■ **What to work on**: Each line in the material below, starting at the one that contains "2-Pack Rechargeable Interactive" and ending at the one that contains "New Mens Kappa", should be repeated exactly; the pictures should not.

■ **Source data**:
* * * * * * *

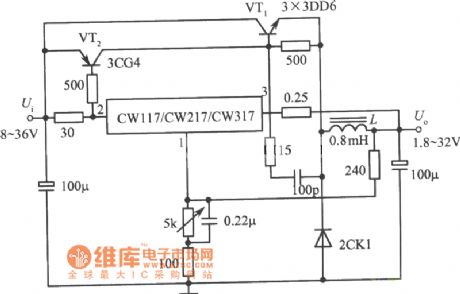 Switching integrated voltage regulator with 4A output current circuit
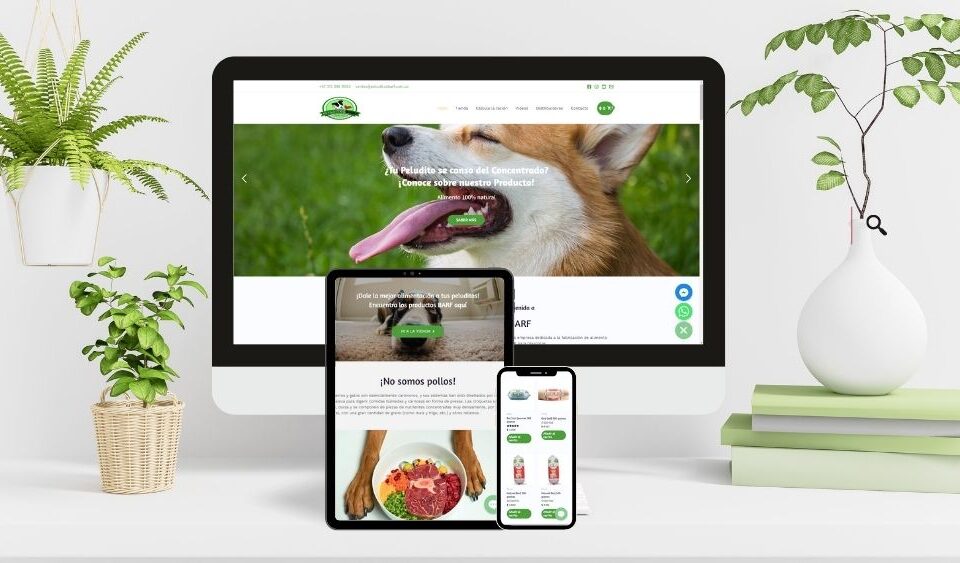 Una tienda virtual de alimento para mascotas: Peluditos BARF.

* * * * * * *

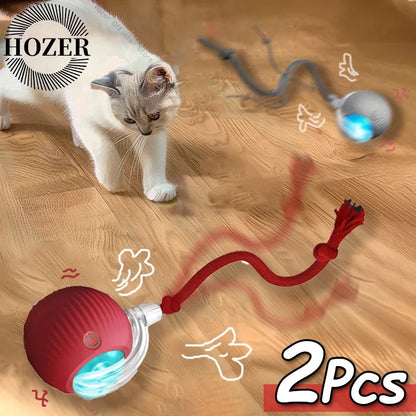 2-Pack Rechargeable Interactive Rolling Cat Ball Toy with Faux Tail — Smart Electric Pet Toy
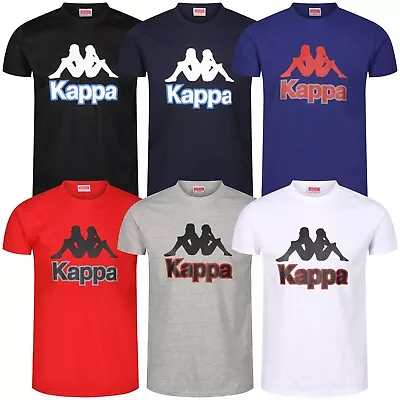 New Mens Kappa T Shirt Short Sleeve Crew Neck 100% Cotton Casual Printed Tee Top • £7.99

* * * * * * *

■ **Output for this exercise**:
 2-Pack Rechargeable Interactive Rolling Cat Ball Toy with Faux Tail — Smart Electric Pet Toy
 New Mens Kappa T Shirt Short Sleeve Crew Neck 100% Cotton Casual Printed Tee Top • £7.99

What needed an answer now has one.